When the results of the entity extraction are returned from each extraction web service, the annotations are converted to a standard format, which is then stored in MongoDB. By accounting for the previously-added separator characters, the positions of each annotation can be correctly translated back to positions in the HTML/XML.
Curation: The HTML is displayed in a web browser as several identical overlaid layers: one base layer containing no annotations, one layer for each set of automatically-extracted annotations and one layer for each set of manually-curated annotations. The display of each of these can be toggled on or off by the curator, allowing several sets of annotations to be displayed concurrently without breaking the DOM by overlapping elements.

Each set of annotations is loaded on-demand, as JSON, so that the initial rendering of the page is fast. The text is transparent on all layers except the base layer, so it doesn't cause anti-aliasing artifacts, and the CSS pointer-events property is used to pass all clicks through to the base layer; highlighting a passage of text thus creates an annotation only in the base layer.
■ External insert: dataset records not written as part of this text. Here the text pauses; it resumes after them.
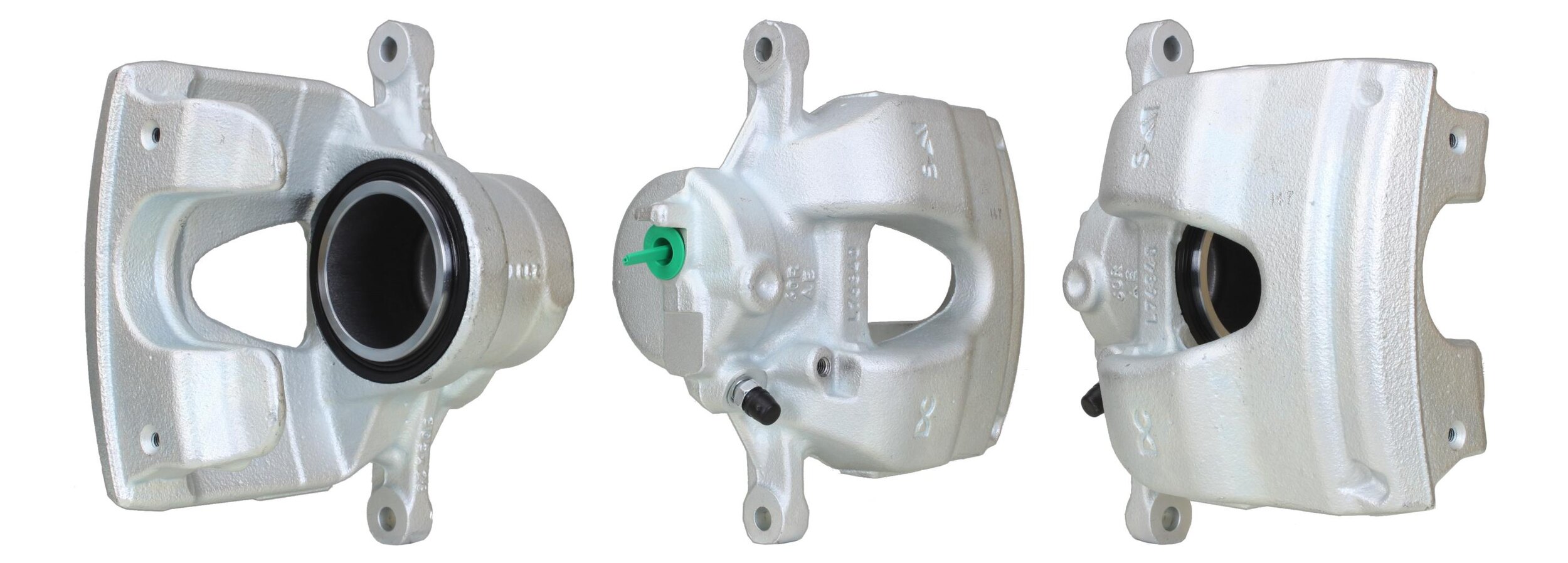 DRI Remzadel/remklauw 3211630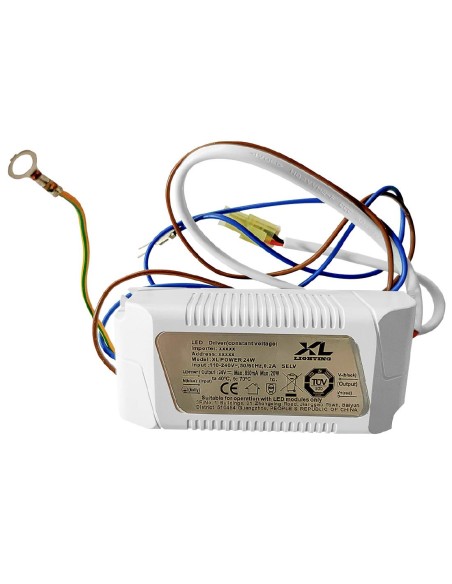 Transformateur LED Polar - Accessoire compatible GE580/GE581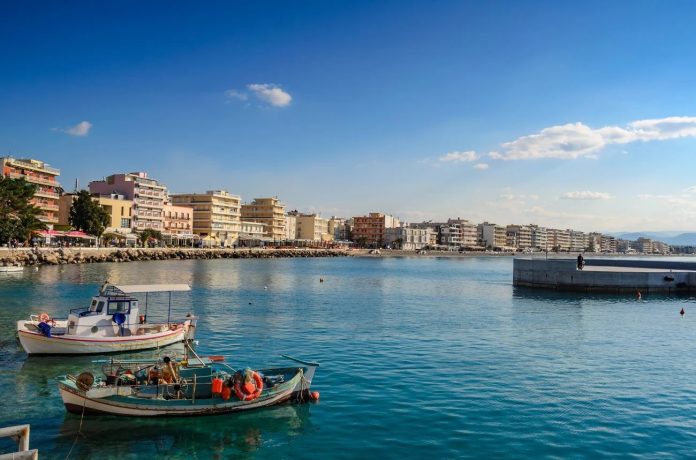 loutraki
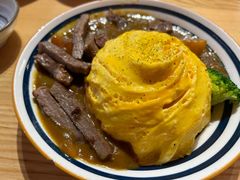 -暖食光·台式家庭餐厅·生日主题店(万达店)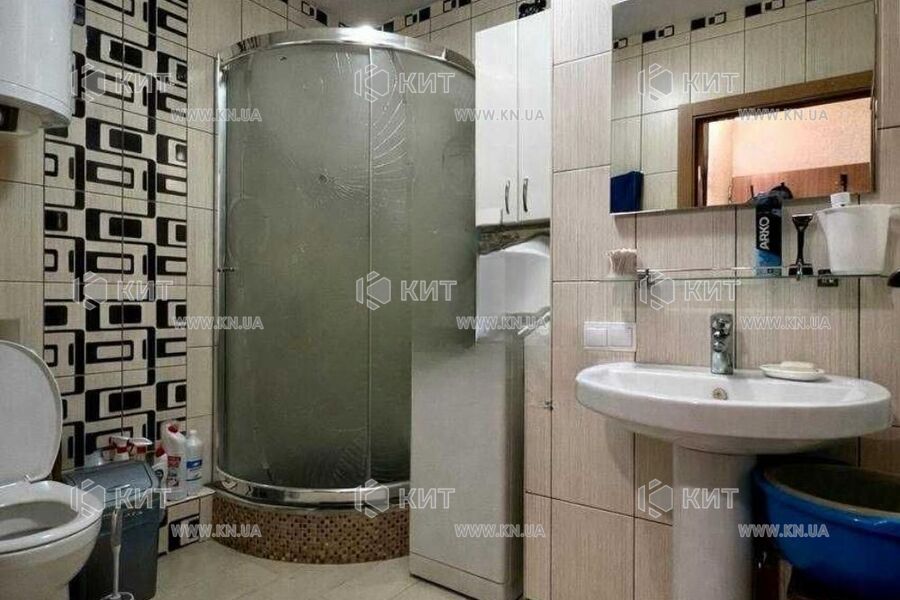 Продажа квартиры Харьков, Спортивная, Гагарина, Защитников, 54м²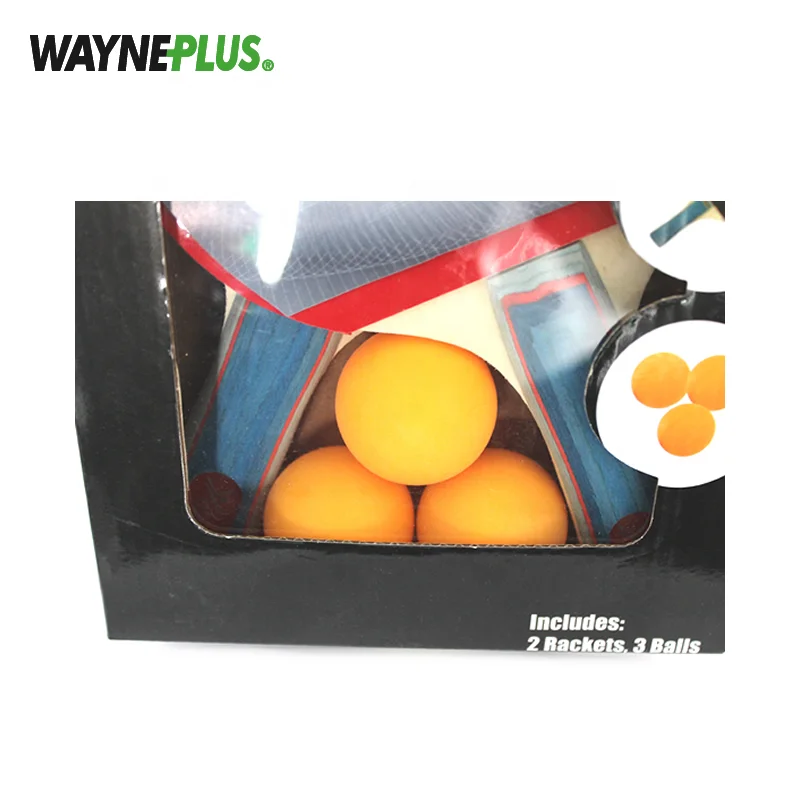 
High demand export products motion blade table tennis 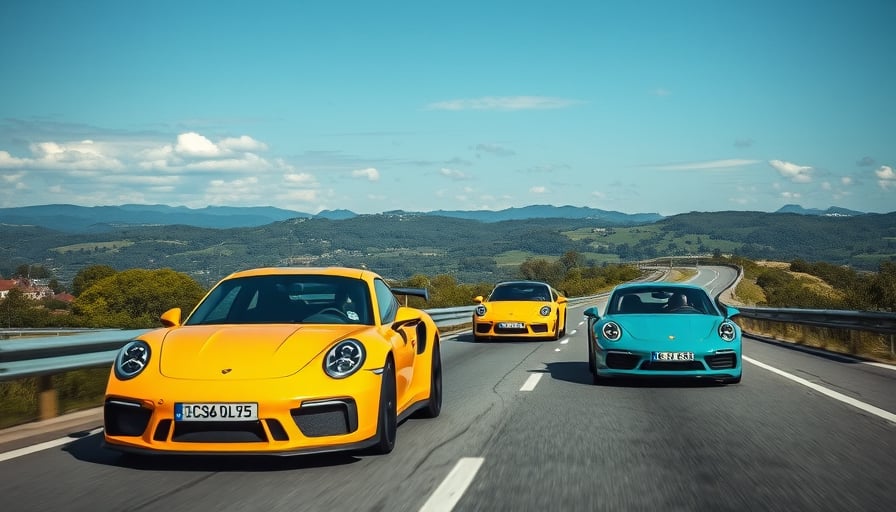 How Porsche Holding's Steady Xetra Trading Reflects German Market & Electric‑Vehicle Trends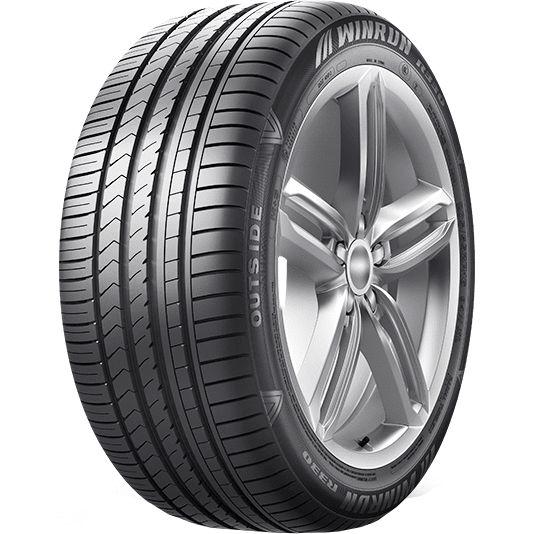 WINRUN R330 W-SILENT 255/40R21 102W XL BSW W-SILENT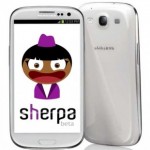 Sherpa android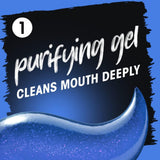 كلوس اب معجون أسنان تركيبة الانتعاش الثلاثي 120 مل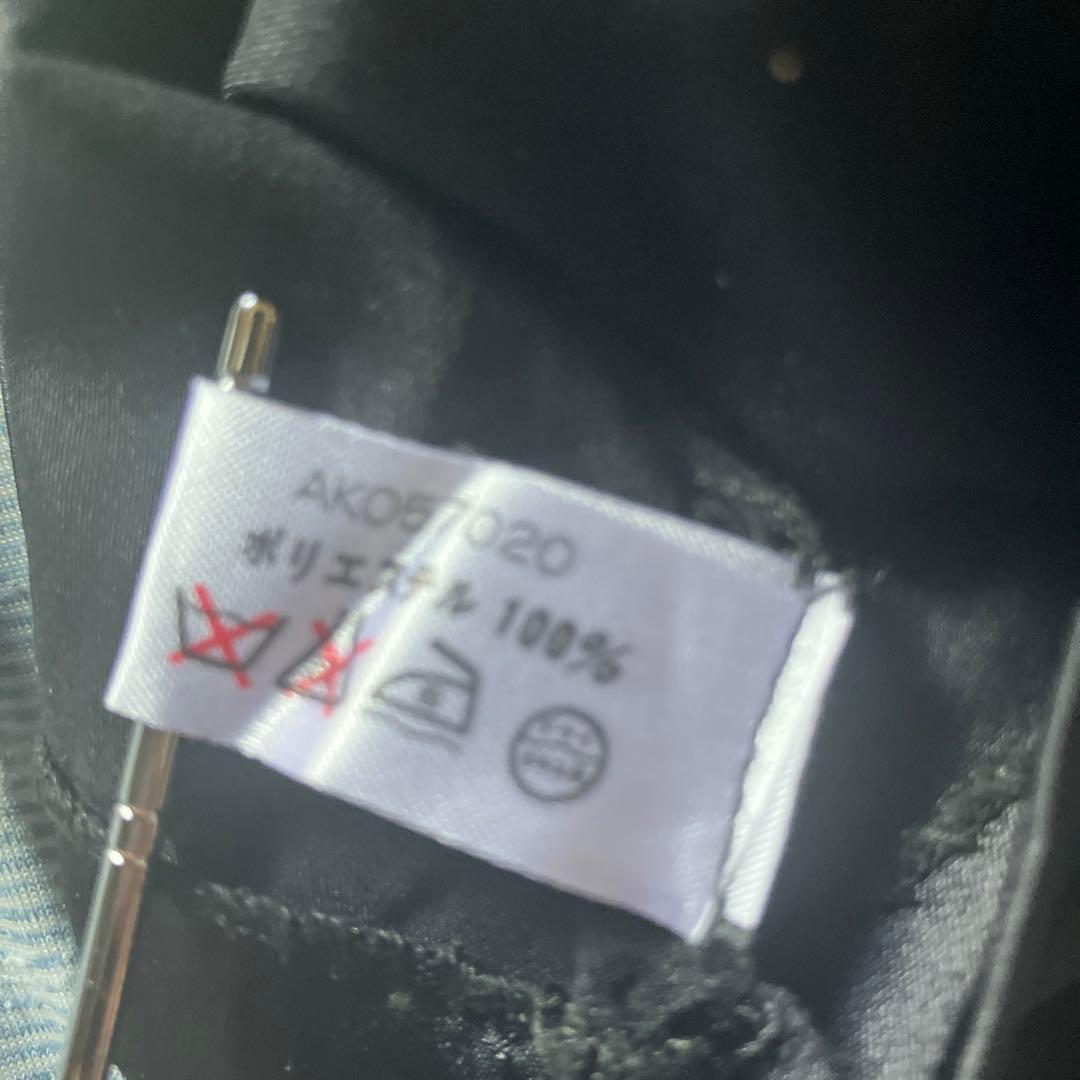 コムデギャルソンノワール ロンググローブ 手袋 ノアール ブラック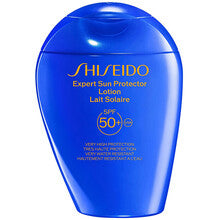 Shiseido - Expert Sun Protector Face & Body Lotion SPF 50 - 150ml - Feel You
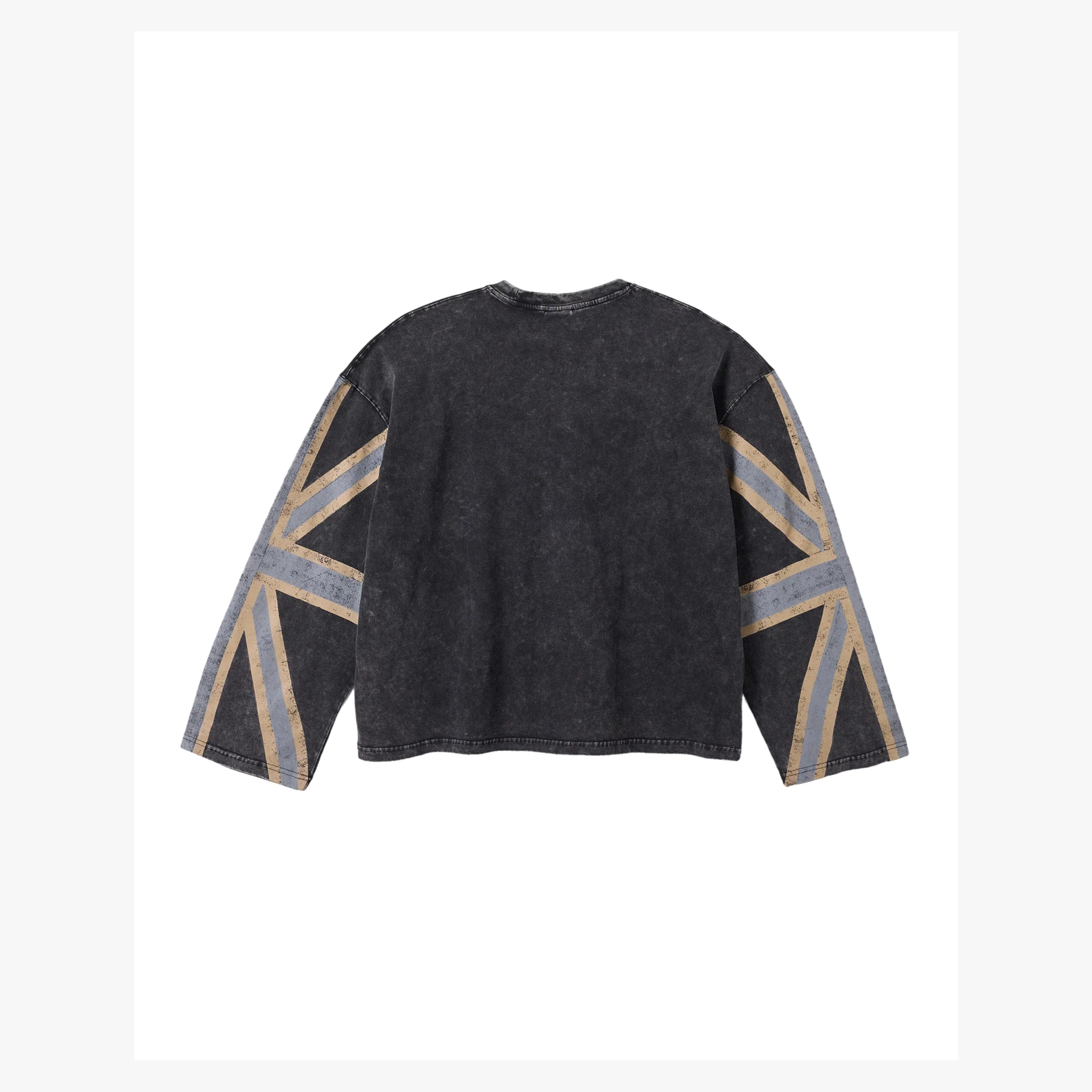 AZVA Cactus Valley UK Long Sleeve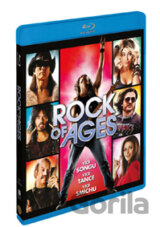 Rock of Ages (Blu-ray)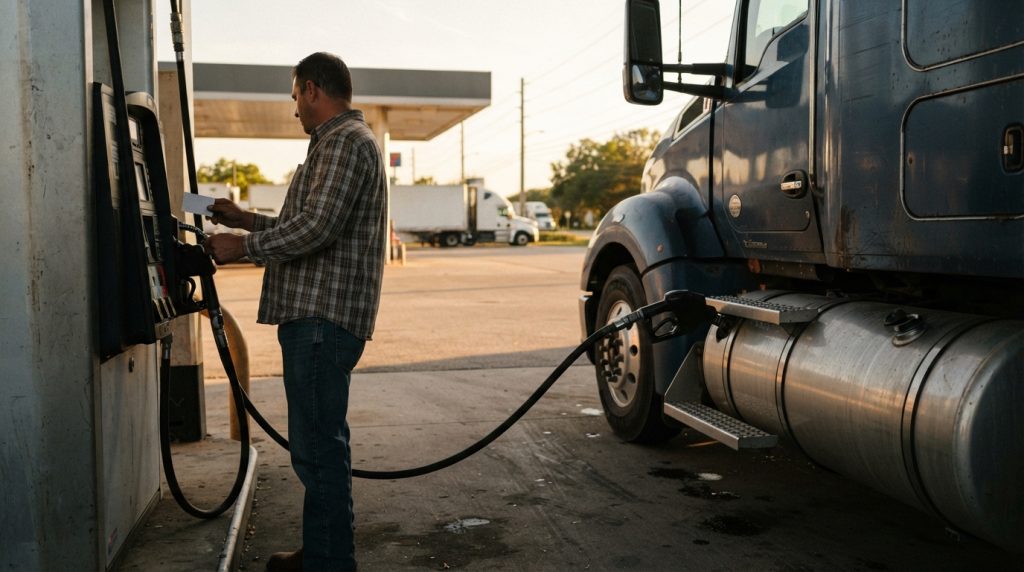 A Practical Guide to Fuel Discount Programs for Drivers in Florida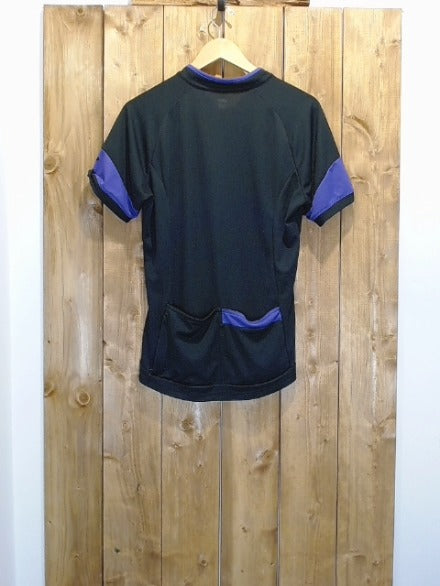 Black Adult Women Top, XL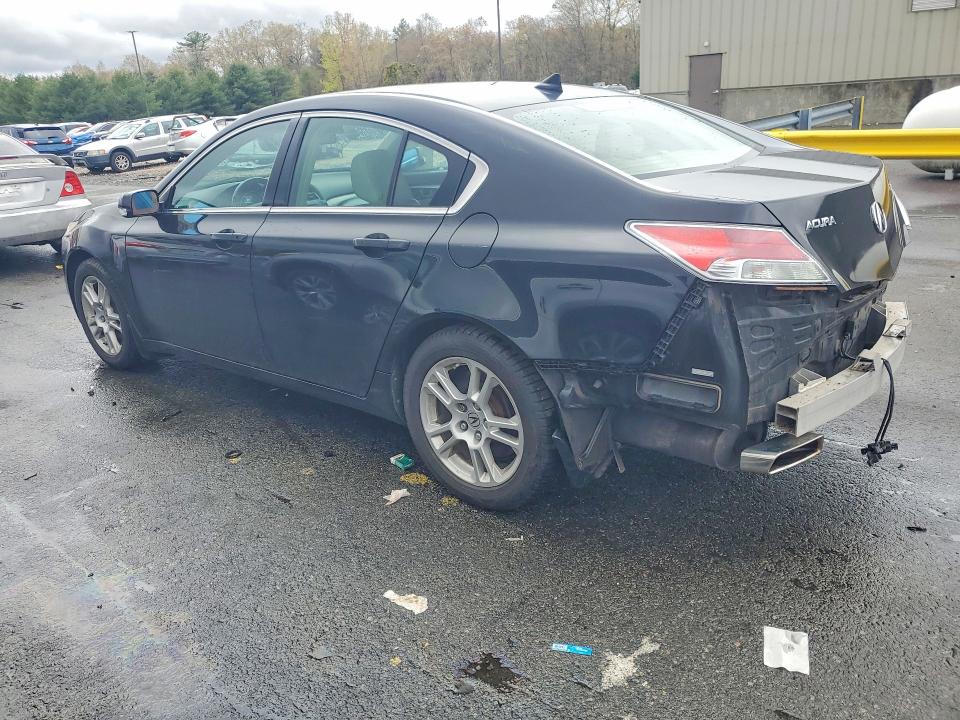 Продажа на аукционе авто 2010 Acura Tl, vin: 19UUA8F28AA009287, номер лота: 51483456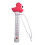 Swimming Pool Floating Thermometer Spa Fish Ponds Temperature Meter 5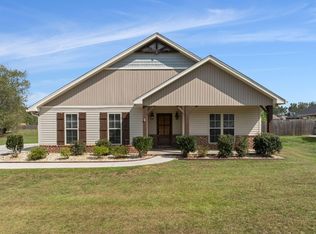 38 Thomford Way, Petal, MS 39465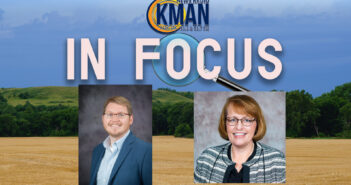 In Focus 8/26/21: Tim Shaffer, Robbin Cole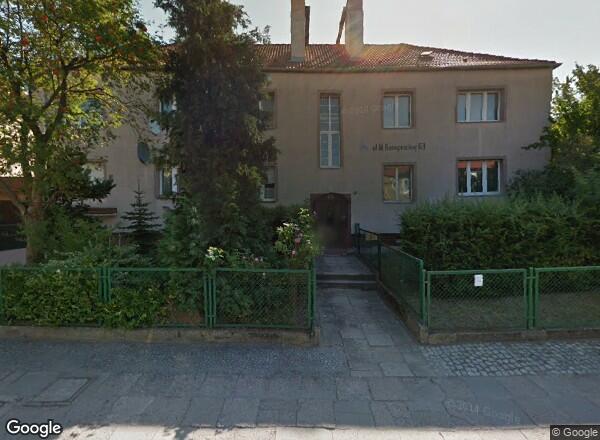 Ceny mieszkań Szczecin Marii Konopnickiej 68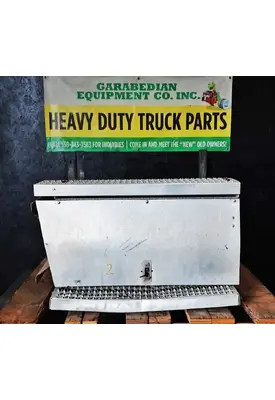 PETERBILT 387 Battery Boxes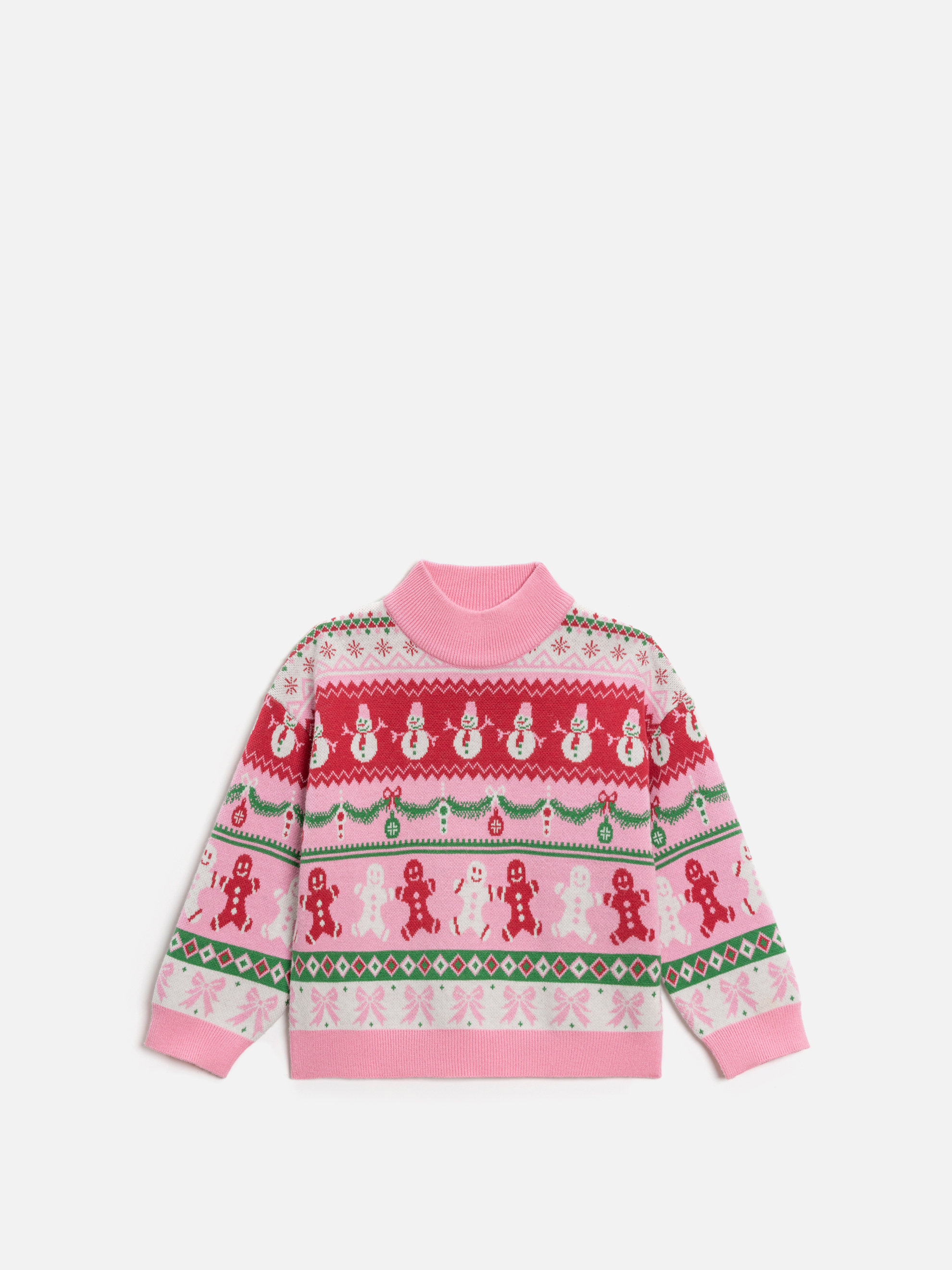 Джемпер Acoola 20220310250_0093569 - фото 3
Annotations in each layer are represented as inline spans: these have visible text, colours to show their state, and can receive clicks regardless of which layer they're in (the z-index of each layer determines which layer's annotations receive clicks in preference to other layers; the manual sets of annotations are in the foreground).

Each annotation can have a single entity attached to it: a data object with a set of metadata properties appropriate for the type of entity/annotation being curated. Once an entity is chosen from the search results (see below) and attached, the annotation is copied out of the set of automatic annotations and into one of the manual sets: these are the annotations which are going to be published.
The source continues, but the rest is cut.